The story: I am facing an issue with large data that using model.predict + a result off-loading callback (to write the results to disk) is giving a much better performance compared to looping over batches and using model.predict_on_batch() or model(input, training=False) with offloading operation. However, model.predict is accumulating the results and causes out-of-memory error.

The request I was wondering if you could add an argument to model.predict that would prevent it from accumulating the model predictions, allowing one to use a callback to handle the results.

Comment From: sonali-kumari1

Hi @ErfanMowlaei - Thanks for reporting this issue! Could you please share a minimal reproducible code to replicate the performance issue and out-of-memory error?

Comment From: ErfanMowlaei

Hi @sonali-kumari1 -

Thank you for your attention. You could use the following code:

import tensorflow as tf
import numpy as np
import time

def build_model(seq_len=1_000_000, channels=3, filters=128):
    return tf.keras.Sequential([
        tf.keras.layers.Conv1D(filters, kernel_size=7, padding='same', activation='relu', input_shape=(seq_len, channels)),
        tf.keras.layers.Conv1D(filters, kernel_size=7, padding='same', activation='relu'),
        tf.keras.layers.Conv1D(filters, kernel_size=7, padding='same', activation='relu'),
    ])


def generate_sequences(n, seq_len=1_000_000, channels=3, seed=42):
    rng = np.random.default_rng(seed)
    return rng.standard_normal(size=(n, seq_len, channels)).astype(np.float32)

if __name__ == "__main__":
    # Parameters
    n_samples = 50
    seq_len = 1_000_000
    channels = 3

    # Model and data
    model = build_model(seq_len, channels)
    data = generate_sequences(n_samples, seq_len, channels)

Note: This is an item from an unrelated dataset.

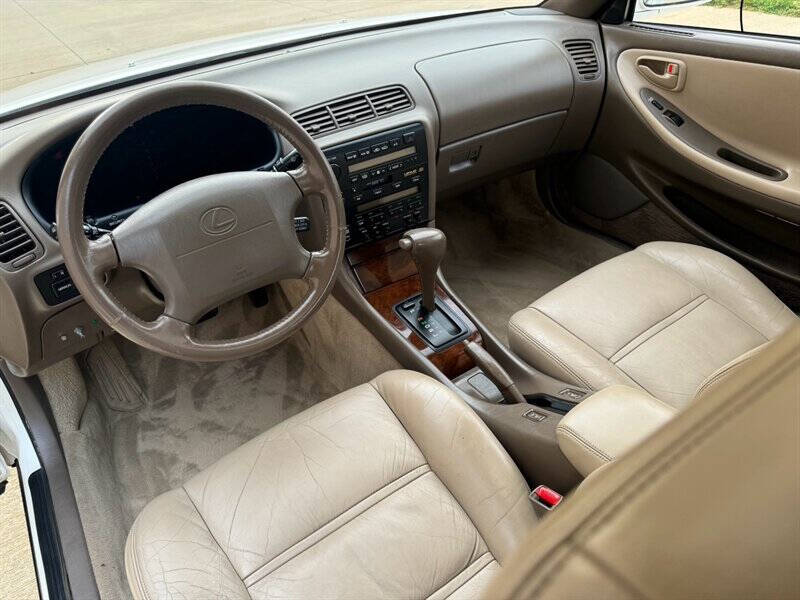 1995 Lexus ES null photo 20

    # tf.data.Dataset pipeline
    dataset = tf.data.Dataset.from_tensor_slices(data).batch(1)

    # warm up
    model.predict_on_batch(next(iter(dataset)))
    # Benchmark model.predict_on_batch
    start = time.time()
    for batch in dataset:
        model.predict_on_batch(batch)
    end = time.time()
    print(f"model.predict_on_batch (manual batch): {end - start:.2f} seconds", flush=True)

    # Benchmark model.predict
    model.predict(dataset)

Here's the output:

model.predict_on_batch (manual batch): 7.00 seconds 50/50 ━━━━━━━━━━━━━━━━━━━━ 4s 84ms/step

If you increase the number of samples (e.g., 200), model.predict(...) causes OOM error on an NVIDIA A100 80GB GPU because of prediction accumulation.